Exercise prompt: Pictures stay out of the copy; set down each line of the listing below exactly.

Collected data:
--*--

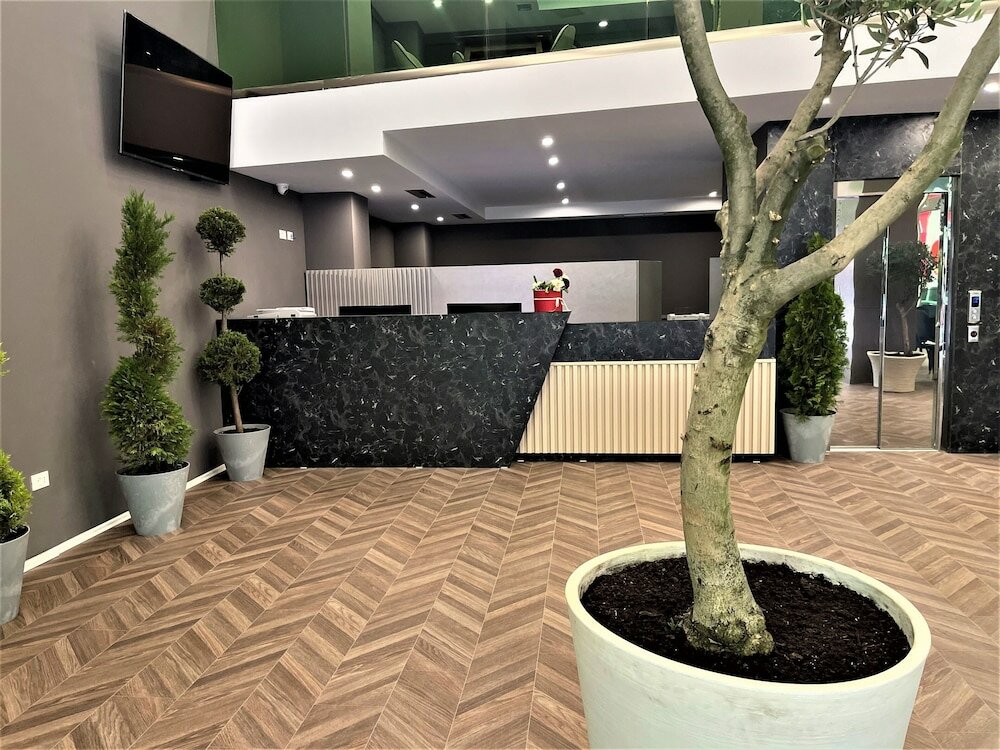 Фото Vh Eurostar Tirana Hotel Congress & Venere SPA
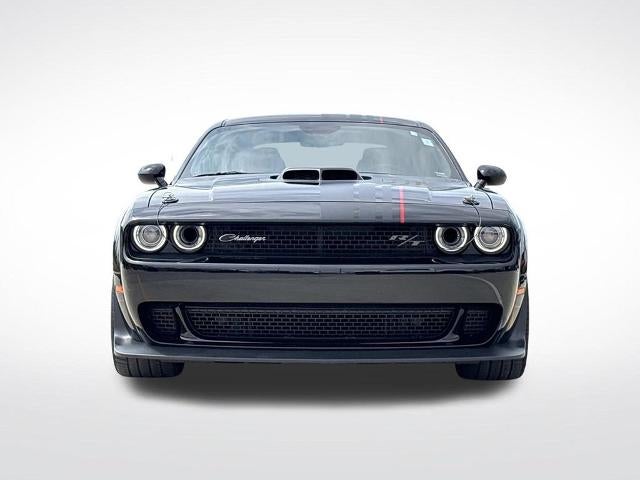 2023 Dodge Challenger R/T Scat Pack Widebody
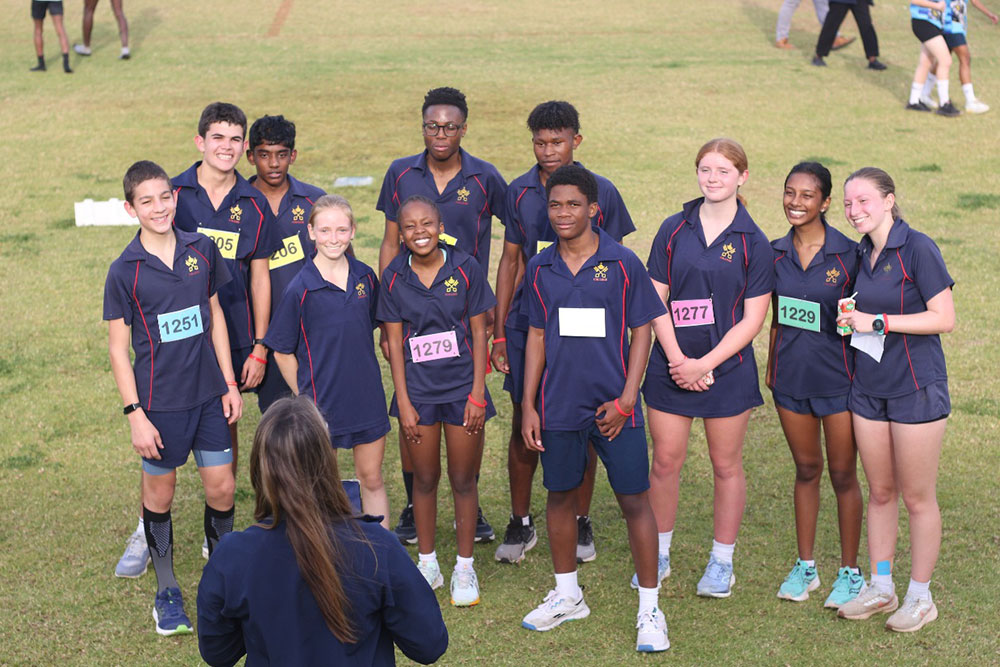 Cross-Country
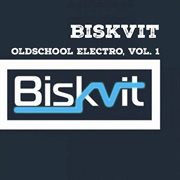 Oldschool electro, vol. 1 cover image cdn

--*--

Response to this exercise:
 Фото Vh Eurostar Tirana Hotel Congress & Venere SPA
 2023 Dodge Challenger R/T Scat Pack Widebody
 Cross-Country
 Oldschool electro, vol. 1 cover image cdn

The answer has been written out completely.